If you follow the hint given below, you will discover a simple one-line inductive proof of said Fundamental Theorem. Once you have this theorem available, all similar inductions of this telescopic type become completely trivial: they reduce to simply checking equality of polynomials (which, unlike devising inductive proofs, requires no ingenuity whatsoever). If you master these simple ideas then you will be able to easily tackle many of the induction exercises in your textbooks. Further, you will gain some experience with learning how to abstract out the inductive essence of the matter - which is key when one meets new more complex types of inductions.

If you continue your mathematical studies you will discover other methods of induction that have been conveniently encapsulated for reuse (e.g. maximality principles such as Zorn's Lemma). Strangely, however, one rarely finds any discussion of telescopic induction in textbooks. I learned / discovered these methods only because I was lucky enough to have been exposed to a very stimulating environment as a student, e.g. working with the modern-day Ramanujan Bill Gosper, while constructing effective algorithms for summation (and integration) for Macsyma, and learning from the masters while browsing the open stacks of the MIT Libraries (encouraged by references from walking encyclopedias like Rota). Once one knows the algorithms, it is only natural for one interested in teaching to ponder whether any of the algorithmic theory can be useful pedagogically.

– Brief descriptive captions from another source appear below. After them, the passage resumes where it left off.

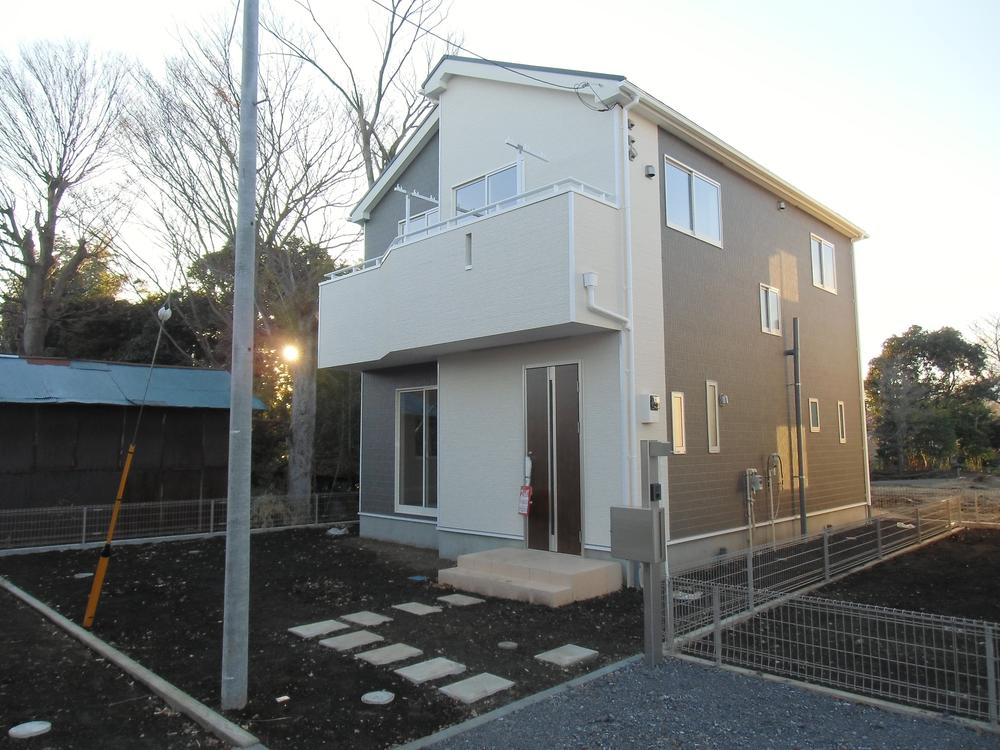 Local appearance photo. Four Building appearance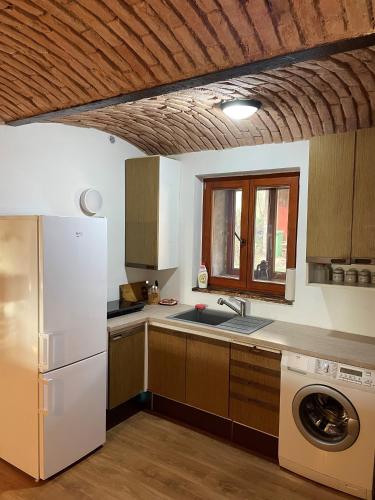 ห้องครัว, Hlinné v Orlických horách (Hlinne v Orlickych horach) in สคูห์รอฟ แนด เบโลอู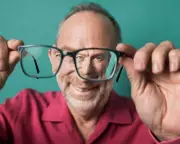 Five Unmissable Reads: The Wikipedia Guardian, Lost Flirting Arts & War Photography's Greatest Shots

The methods expounded in my many posts on induction attempt to convey some simpler instances of said general algorithms. These posts may require slightly more effort to comprehend than other posts employing ad-hoc techniques. But the reward for this little extra effort is tremendous. Never again for these types of inductions will you find yourself wandering aimlessly in search of the key idea needed to achieve an induction. This is analogous to attempting to computing areas under curves without knowing calculus (as did the ancients such as Archimedes, with much inegenuity) vs. the mechanical calculation of such areas by applying formulas for integration. Theory almost always conquers ad-hoc methods. Further, when, as here, the theory (telescopy) is short and elementary, there is no compelling reason to limit oneself to ad-hoc methods. Hence:

Hint $\: $ First trivially inductively prove the Fundamental Theorem of Difference Calculus

$$\rm\ F(n)\ =\ \sum_{i\: =\: 1}^n\:\ f(i)\ \ \iff\ \ \ F(1)=f(1),\,\ \ F(n) - F(n\!-\!1)\ =\ f(n)\ \ {\rm for}\ \ n> 1$$

Your special case $\rm\:f(i) = i\:\!3^n\:$ now follows immediately by applying $(\Leftarrow)$ above by noting

$$\rm\ F(n) =\ \frac{3}{4} \left( 3^n (2n-1)+1\right) \ \Rightarrow \ F(1) = 3= f(1),\ \ F(n)-F(n\!-\!1) = n\:\!3^n = f(n) $$ Note that by encapsulating the induction in the general Fundamental Theorem we have eliminated any need for induction ingenuity, so reducing the proof to a mechanical algebraic calculation, viz. checking that $\rm\:F(n)-F(n-1) = f(n).$

The inductive proof of the Fundamental Theorem is much more obvious than that for your special case because the telescopic cancellation is obvious at this level of generality, whereas it is usually obfuscated in most specific instances (often greatly so). Namely, the proof of the Fundamental Theorem is just a rigorous inductive proof of the following telescopic cancellation

$$\rm \underbrace{\overbrace{\color{#c00}{F(1)}}^{\large \color{#c00}{f(1)}}\phantom{-\color{#c00}{F(1)}}}_{\large =\ 0}\!\!\!\!\!\!\!\!\!\!\!\!\!\overbrace{-\,F(1)\!+\!\phantom{F(2)}}^{\large f(2)}\!\!\!\!\!\!\!\!\! \underbrace{F(2) -F(2)}_{\large =\ 0}\!\!\!\!\!\!\!\!\!\!\!\!\!\!\overbrace{\phantom{-F(2)}+ F(3)}^{\large f(3)}\!\!\!\!\!\!\!\!\!\!\underbrace{\phantom{F(3)}-F(3)}_{\large =\ 0}+\,\underbrace{\cdot\ \cdot\ }_{\large =\,0\,}\overbrace{\cdot\ +F(n)}^{\large f(n)}\ =\ F(n) $$

The inductive step amounts to doing the next step of the above telescopic cancellation, by adding $\rm\,f(n\!+\!1) = -F(n) + F(n\!+\!1)\,$ to the above, which adds $\rm\,f(n\!+\!1)$ to the LHS sum $\rm\,f(1)+\cdots f(n),\,$ and adds $\rm\ -F(n)+F(n\!+\!1)$ to the RHS $\rm\,F(n),\,$ yielding $\rm\,F(n\!+\!1),\,$ resulting in the $\rm\,n\!+\!1\,$ case of the displayed equation. Stripped of intuitive motivation and slightly rearranged the proof is:

The $\rm\,n=1\,$ base case $\rm\,\color{#c00}{F(1) = f(1)}\,$ is true by hypothesis, and the inductive step is obvious

$$\begin{align}\rm F(n\!+\!1)\ &=\rm\ \ \color{#0a0}{F(n)}\ \ +\, f(n\!+\!1)\ \ \ {\rm by\ hypothesis}\\ &=\rm \color{#0a0}{\sum_{i=1}^n f(i)} + f(n\!+\!1)\ \ \ {\rm by\ }\color{#0a0}{\rm induction}\\ &=\rm \sum_{i=1}^{n+1} f(i) \end{align}$$

That proves the nontrivial direction $(\Leftarrow)$ of the Theorem (the reverse direction is clear).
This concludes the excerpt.